**What you need to do**: Output only the lines that run from the line holding "Långärmad blus i satin" to the end of the data below, including both ends, without any pictures.

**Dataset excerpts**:
######
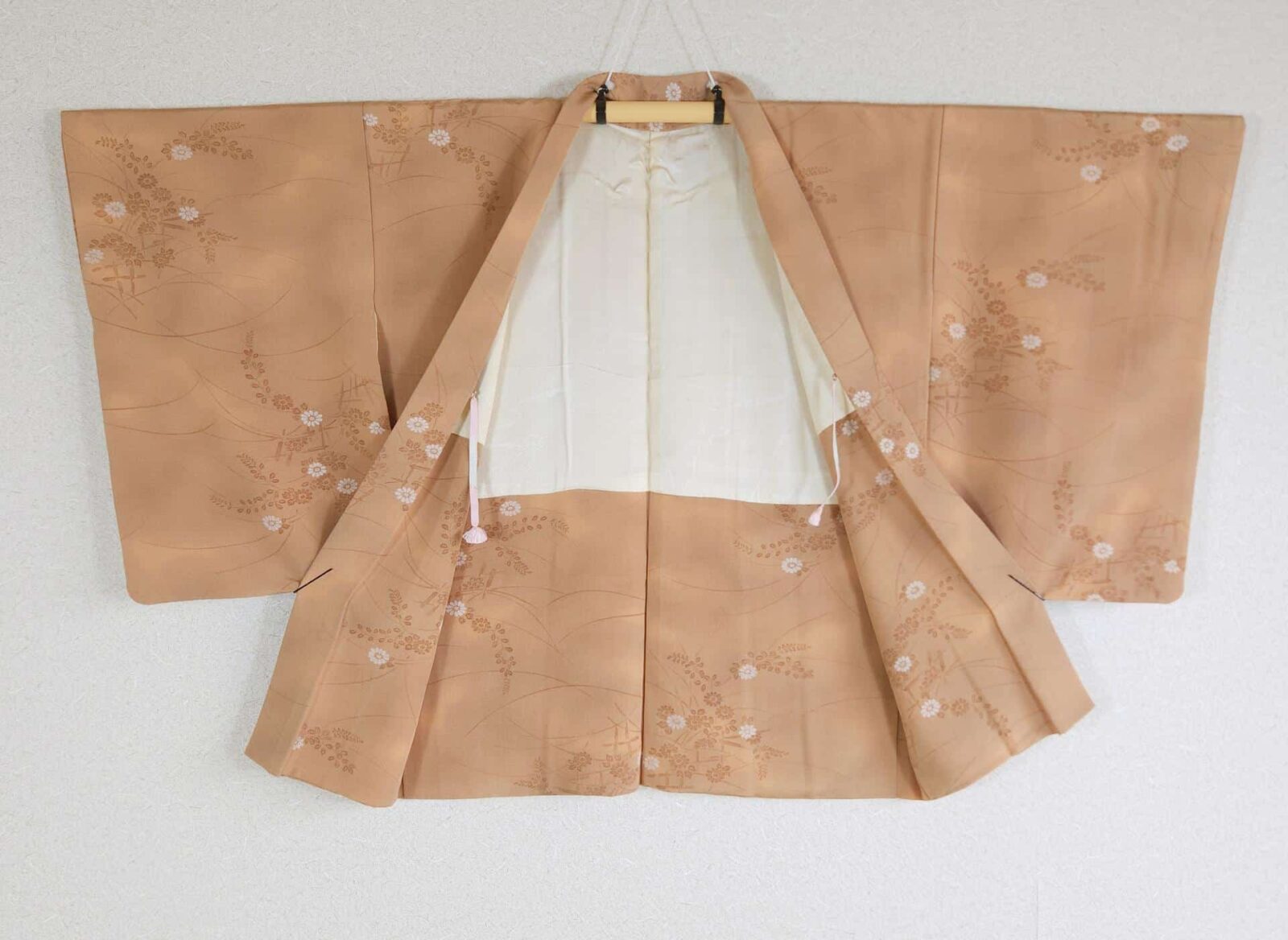 Chestnut Haori with delicate flowers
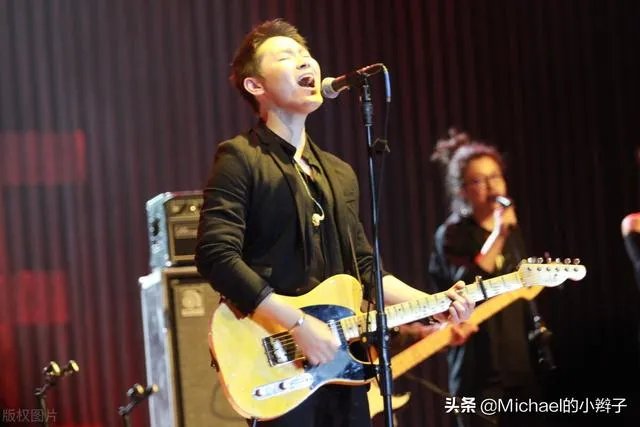 如何评价梁博的唱功和创作？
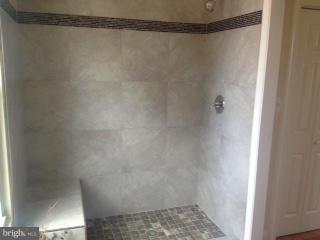 4710 Somerset Road Riverdale, MD 20737 - Photo 10 of 17 Bath (Master)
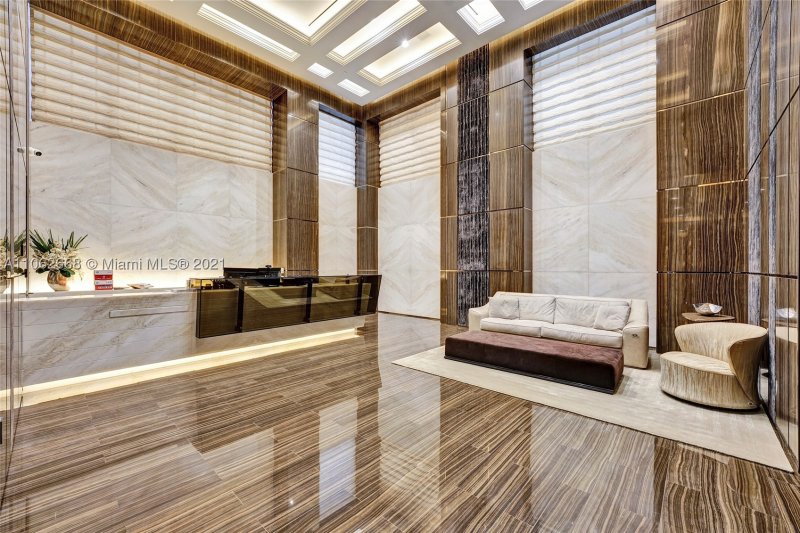 Condo for sale at Mansions at Acqualina 1402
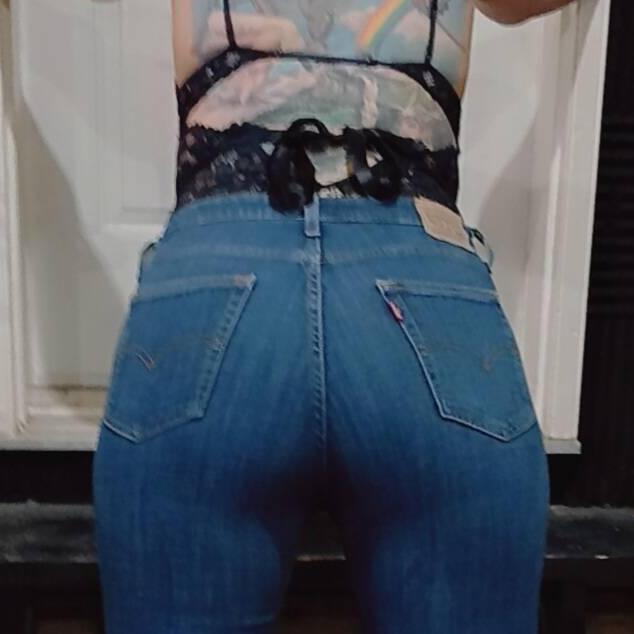 
                        Jennifer Alan
                     is Female Escorts. | Grande Prairie | Alberta | Canada | EscortsLiaison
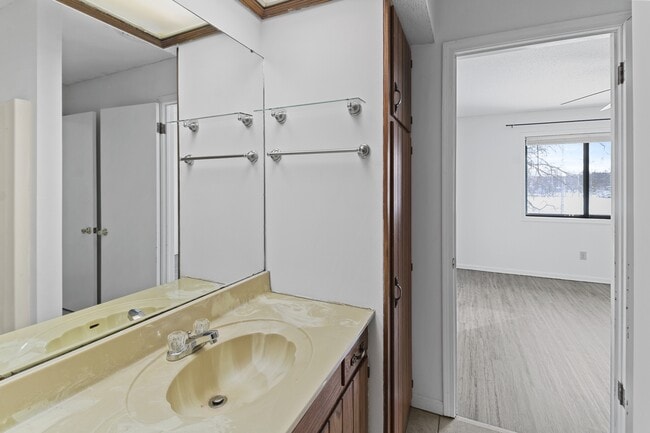 Building Photo - 1305 Christopher Cir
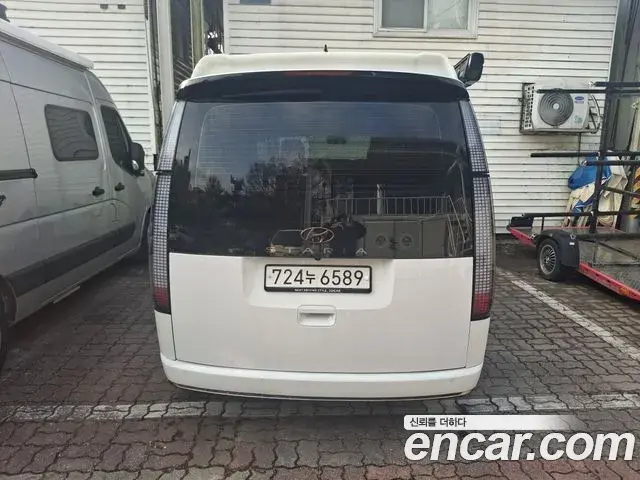 Hyundai Staria 2024 — Photo 8/8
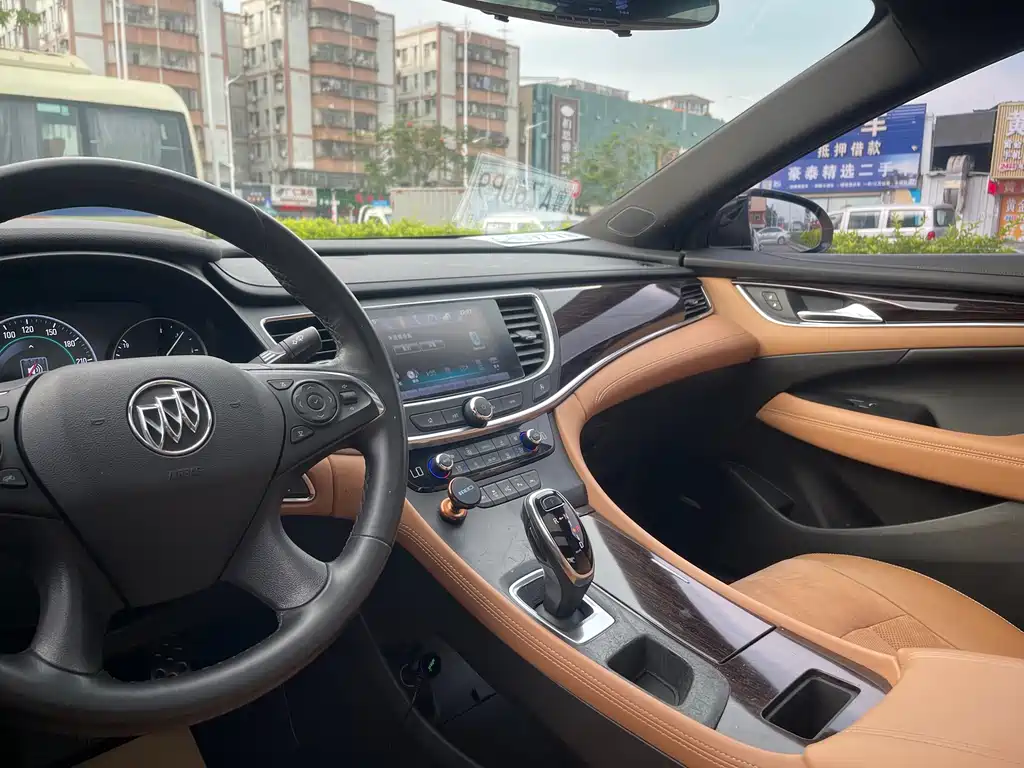 Buick LaCrosse 2017 — фото 15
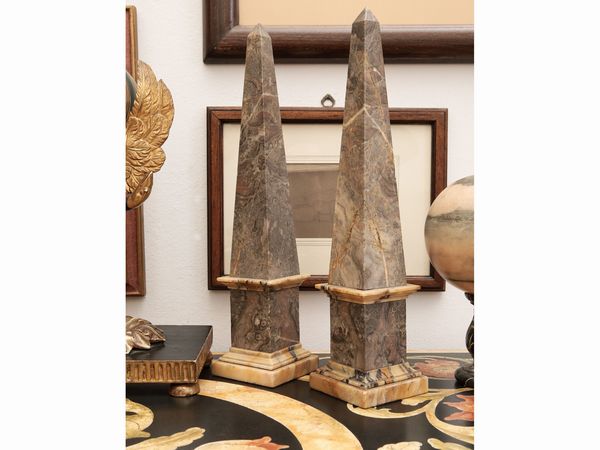Coppia di obelischi in marmo Africano  - Asta Arredi e Dipinti dal Castello di Gamberaia a Firenze - Associazione Nazionale - Case d'Asta italiane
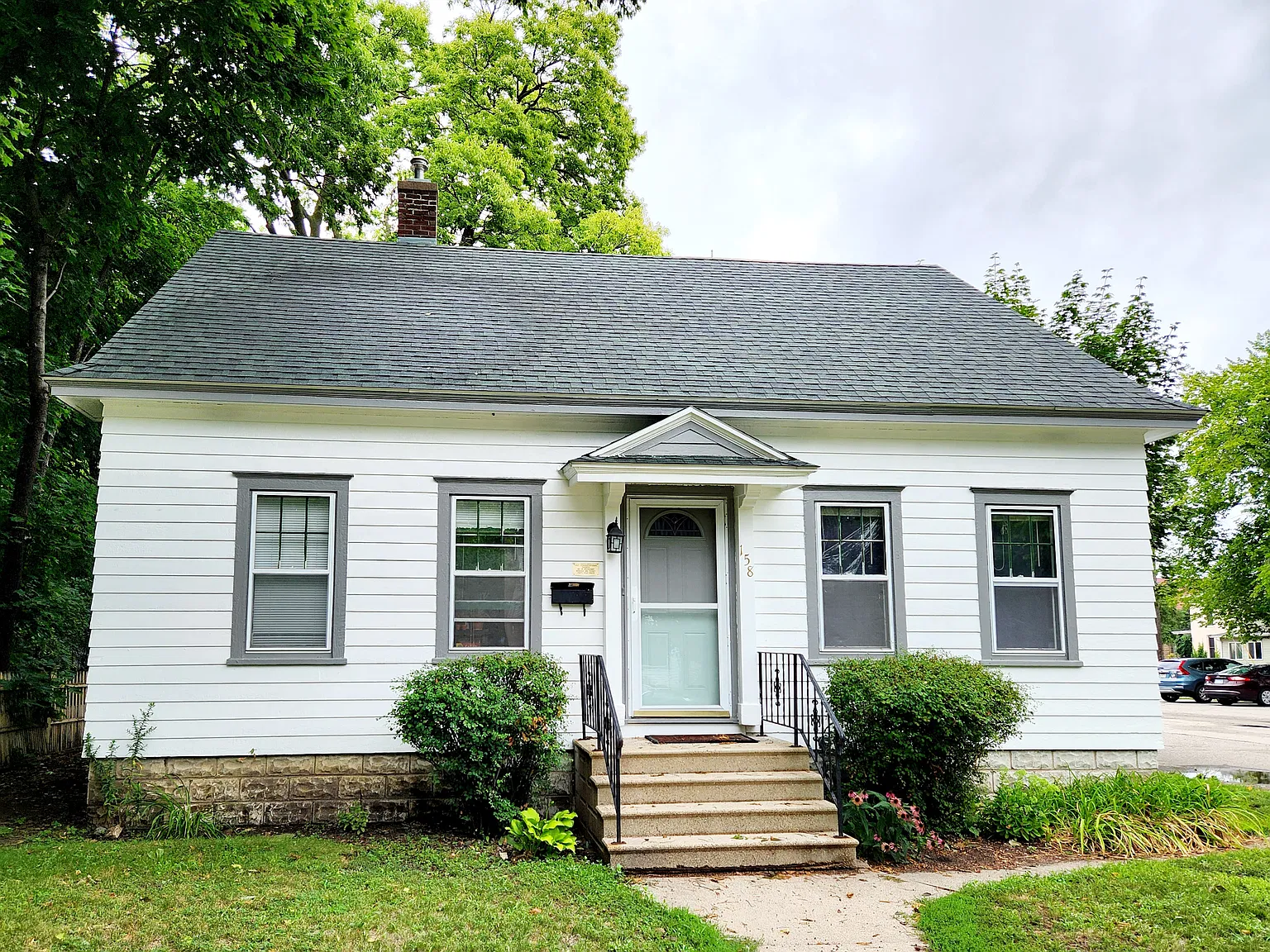 5 bed, 1272 sqft, $2,050 — Photo 1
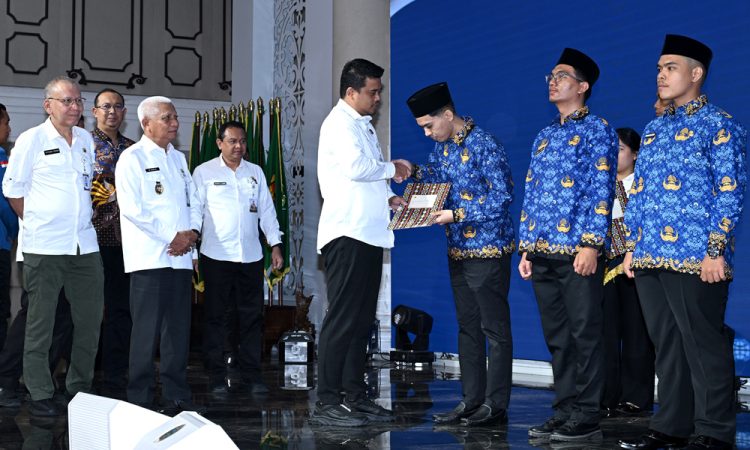 Serahkan 692 SK CPNS Pemprov Sumut, Gubernur Bobby Nasution Ingatkan Tugas Sebagai Pelayan Masyarakat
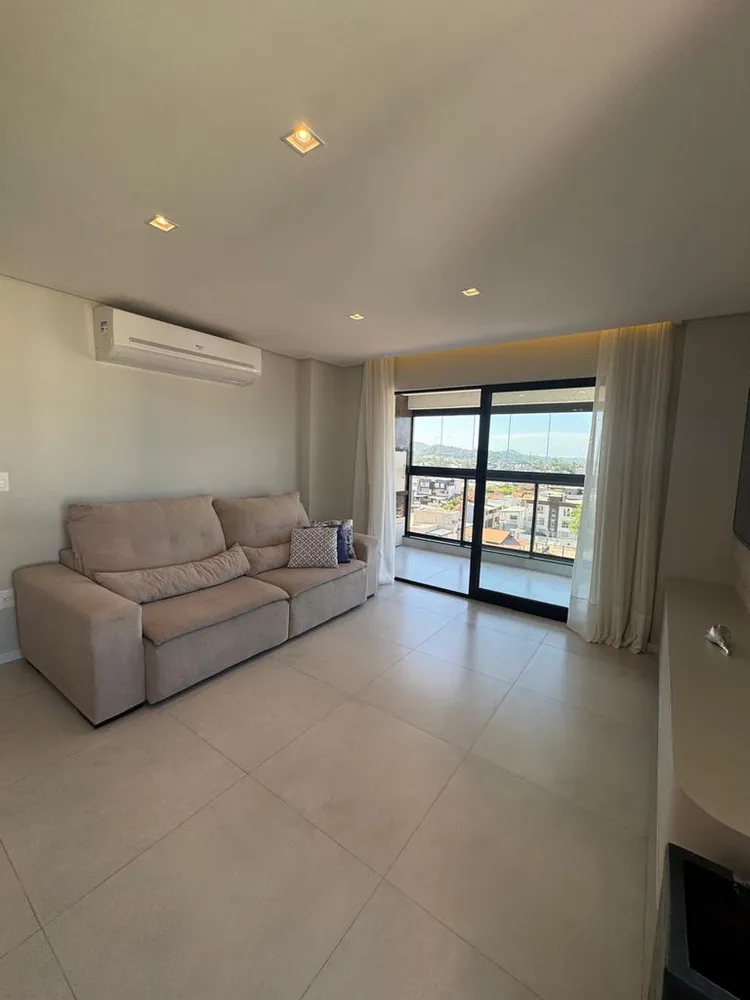Cobertura, 3 quartos, 210 m² - Foto 3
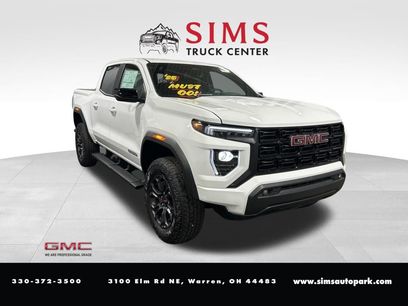 New 2025 GMC Canyon Elevation w/ Convenience Package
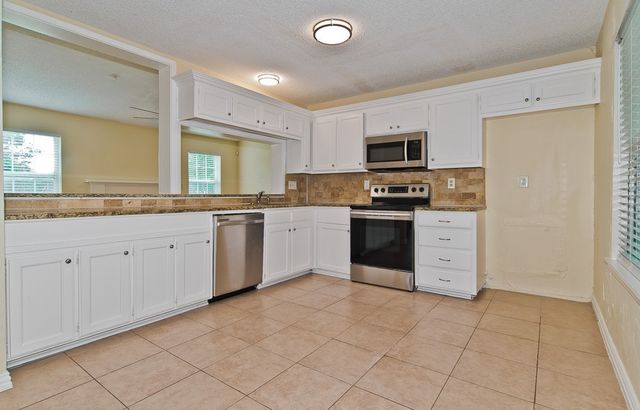 504 Circleview Drive, Mansfield, TX 76063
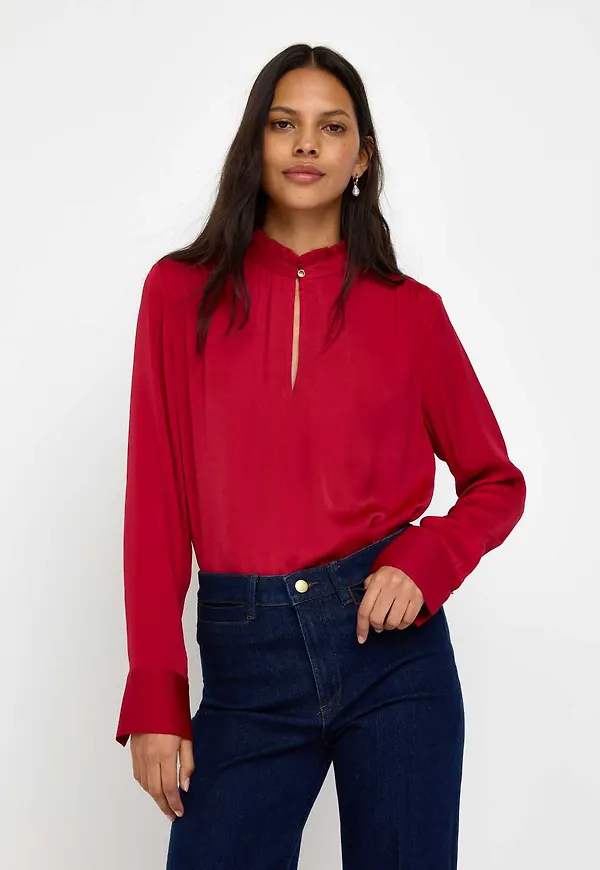 Långärmad blus i satin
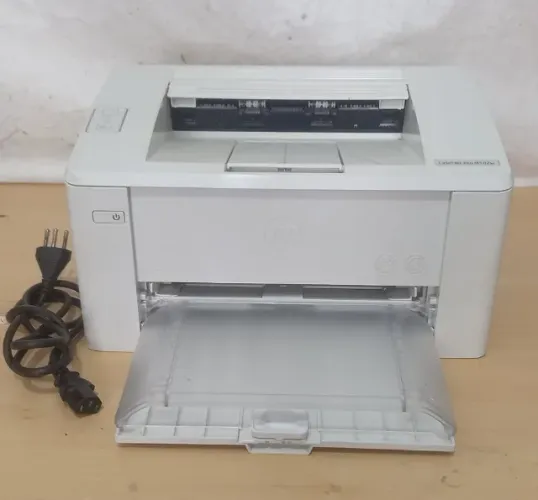 Impressora HP M10W Semi-Nova Com Cabos Func.100% Com Cartucho Novo.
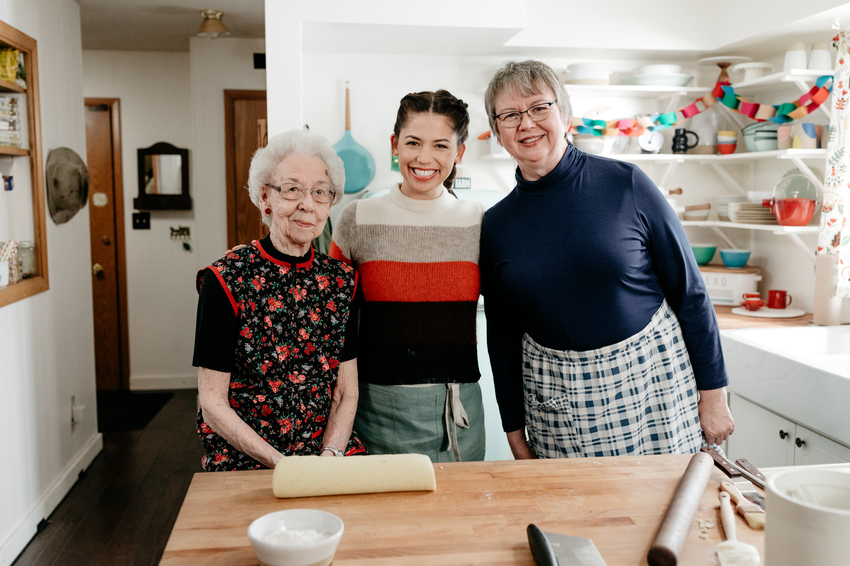 Host Molly Yeh, with her aunts pose.jpeg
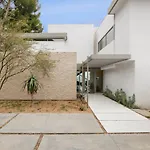 Vue Modern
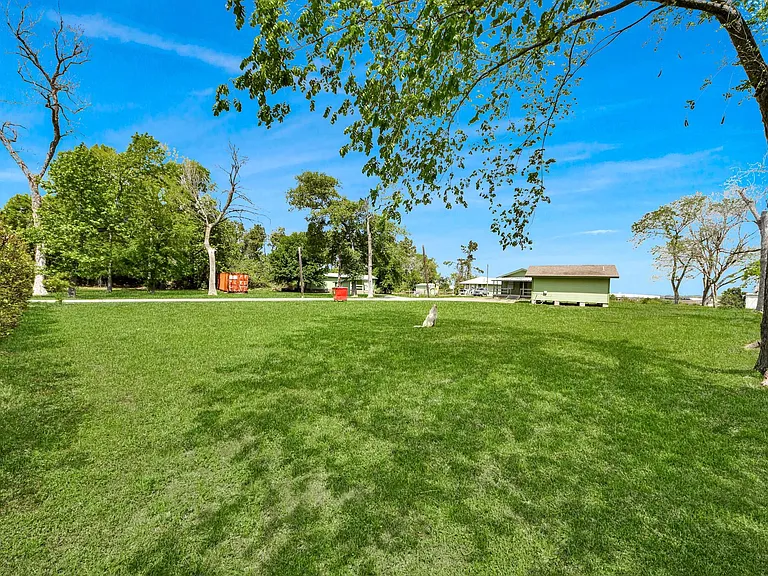 17111 River Rd #A — Photo 13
######
**Solved problem**:
 Långärmad blus i satin
 Impressora HP M10W Semi-Nova Com Cabos Func.100% Com Cartucho Novo.
 Host Molly Yeh, with her aunts pose.jpeg
 Vue Modern
 17111 River Rd #A — Photo 13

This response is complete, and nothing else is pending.